Try it => What you return should be only the lines in the entries below between the one holding "Baby Lock Brilliant" and the one holding "Fernseher, Stereoanlage", ends included, with every picture left out.

Supplied data =>
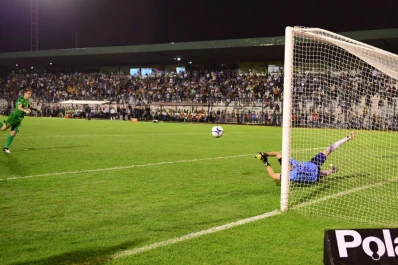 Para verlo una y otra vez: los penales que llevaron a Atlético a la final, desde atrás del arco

---

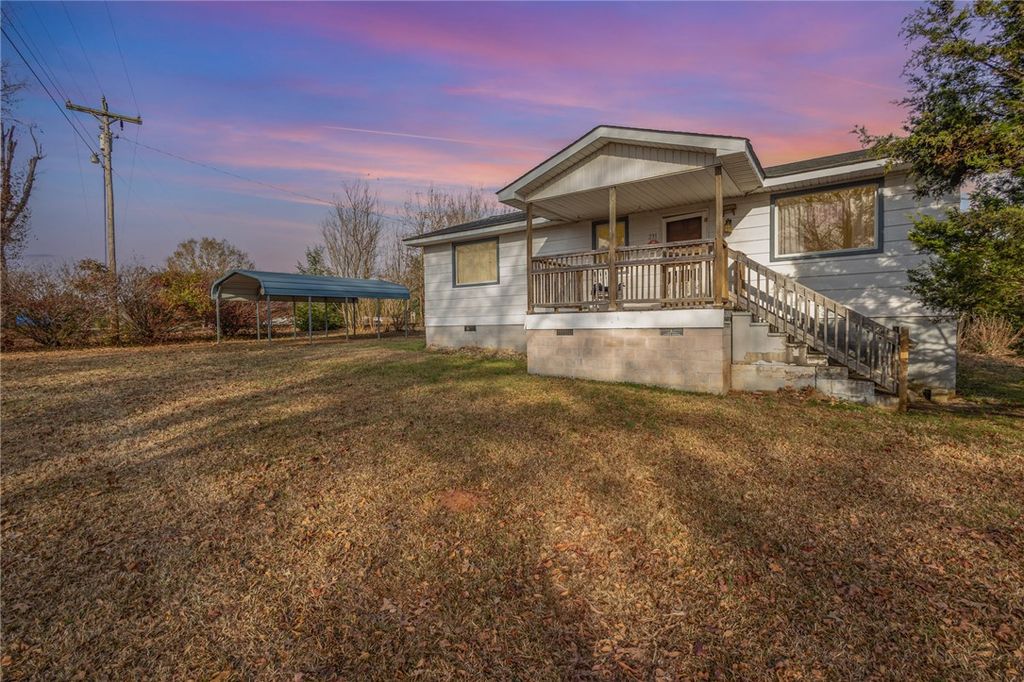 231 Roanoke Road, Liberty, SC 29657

==

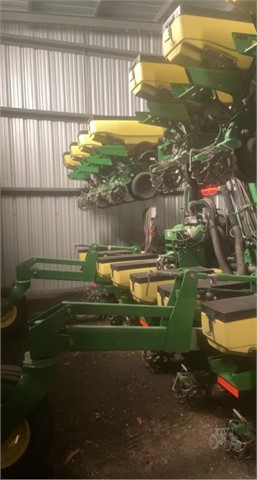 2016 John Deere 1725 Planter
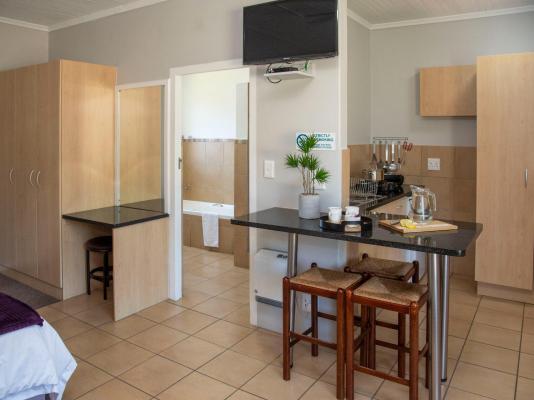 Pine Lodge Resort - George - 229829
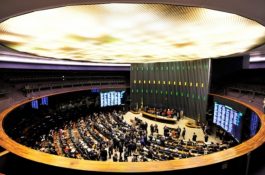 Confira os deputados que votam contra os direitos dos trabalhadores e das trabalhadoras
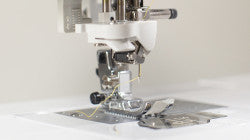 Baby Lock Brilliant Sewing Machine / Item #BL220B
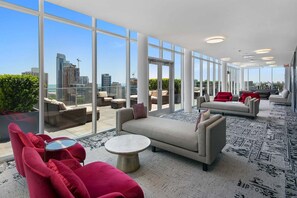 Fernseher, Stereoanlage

Your response =>
 Baby Lock Brilliant Sewing Machine / Item #BL220B
 Fernseher, Stereoanlage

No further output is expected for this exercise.